More conventional rockets use a combination of hydrogen
and liquid oxygen.
Tsiolkovsky developed, long ago, an equation for rockets
using very basic physics and some calculus. This so-called
Rocket Equation can be expressed
v_f = v_e * log(M_i/M_f)
from a standing start (v_i = 0).
http://en.wikipedia.org/wiki/Tsiolkovsky_rocket_equation
This can of course be rewritten:
M_i = M_f * exp(v_f/v_e)
For chemical rockets a la the Saturn V, v_e = about 2.5 - 3 km/s.
For various reasons we'll actually want
M_i = M_f * exp(4*v_f/v_e)
because the classical Rocket Equation exhausts all of
its propellant to get to that final velocity, whereas a
moon trip will require at least four burns (two of them
to slow down). Since v_f = 11.2 km/s and v_e = 3 km/s,
one gets the rather ugly result
M_i/M_f = 3000000 .
Small wonder the Apollo program cost so much.
If one assumes v_e = 30 km/s, one gets the much more reasonable
M_i/M_f = 4.45
Given improvements in rocket technology so that we can get this
performance, one can now budget an additional 1400 kg. Total
budget thus far: 1800 kg. Total energy per passenger
is about 1400 * 1/2 * (30000)^2 = 630 GJ. All of this energy
goes into spewing propellant all over the place.

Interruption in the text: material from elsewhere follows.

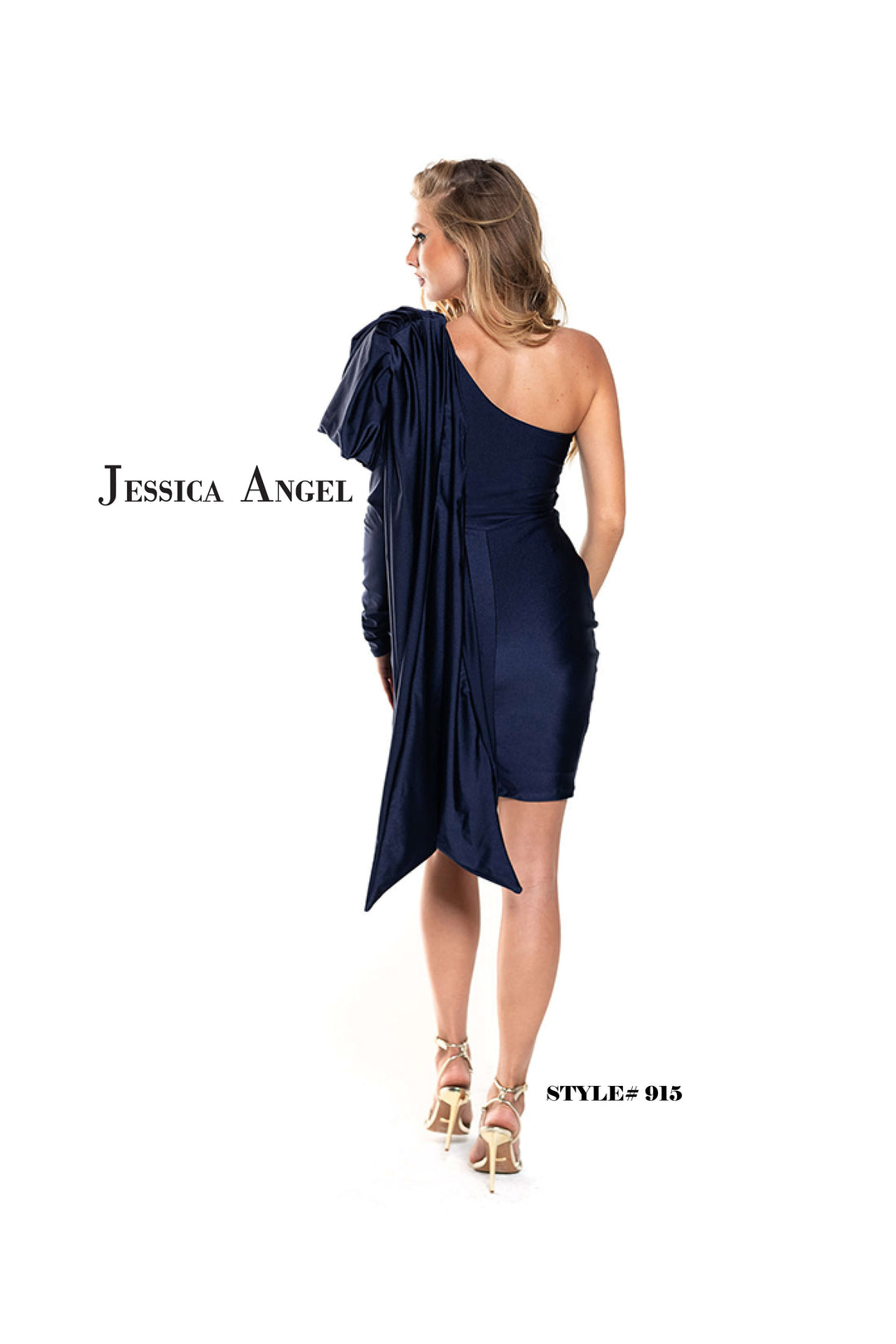 Jersey Short One Shoulder Dress by Jessica Angel 915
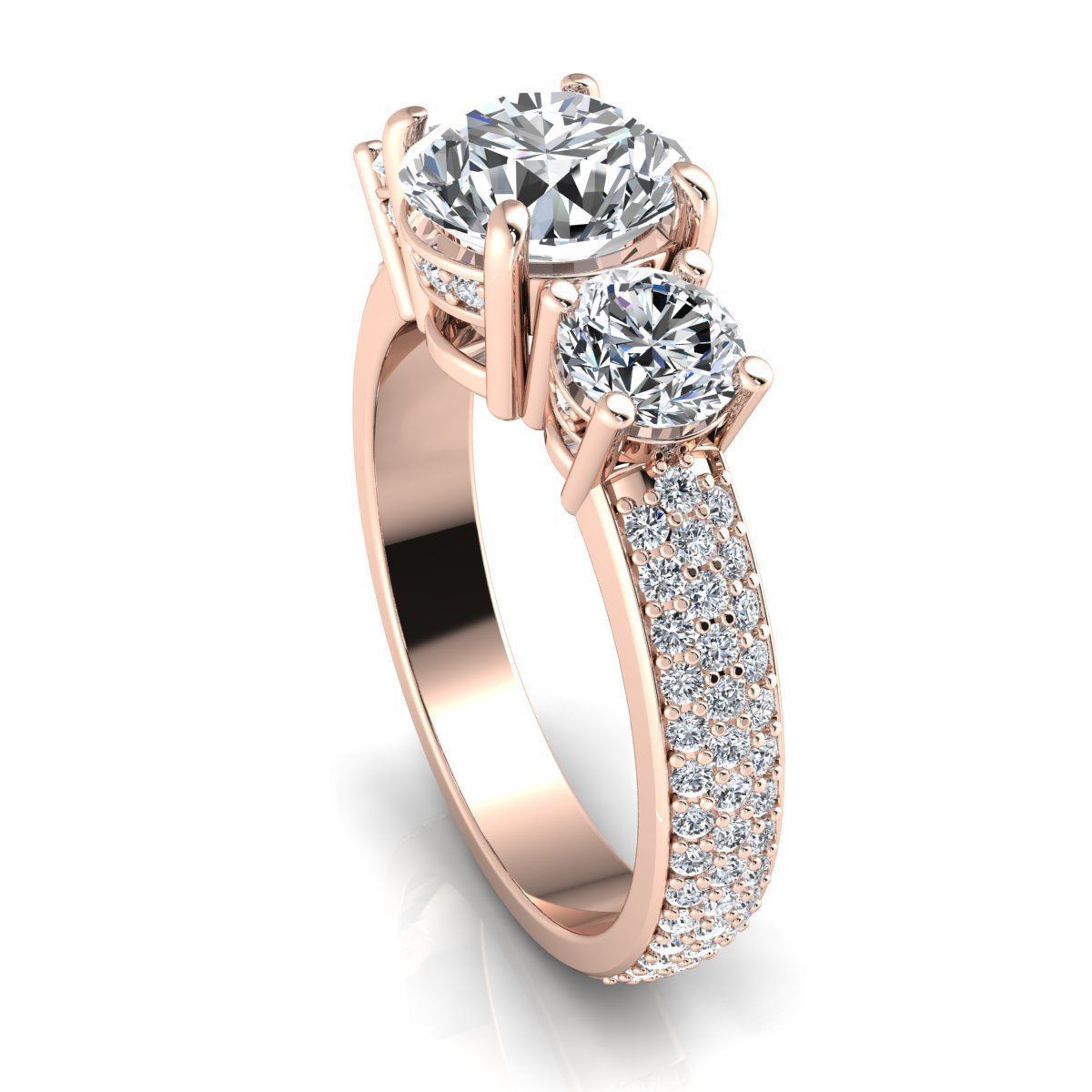 Royal Woman Diamond Ring 3d Model Print 3D print model_10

If one develops a rail launcher on the Moon, one might
have a chance at eliminating one of the burns, though.
However, that launcher would have to be deployed
somewhere near the Moon's edge, probably straddling the
near and far sides.
- Fuel. It turns out uranium is not all that clean a fuel;
the main problem is getting it out of the rock.
Crushing, chemical extraction, and purification all take
their toll on the environment; the tailings from mine
extraction alone are radioactive and highly polluting.
Nevertheless, we need a power source.
The energy liberated from 1 kg of uranium appears to be
about 560 GJ. Therefore, for every passenger we'll need
about 1.125 kg of U235, which isn't all that much from
a weight standpoint. Of course there's the little issue
of shielding the reactor, which for now I'll ignore.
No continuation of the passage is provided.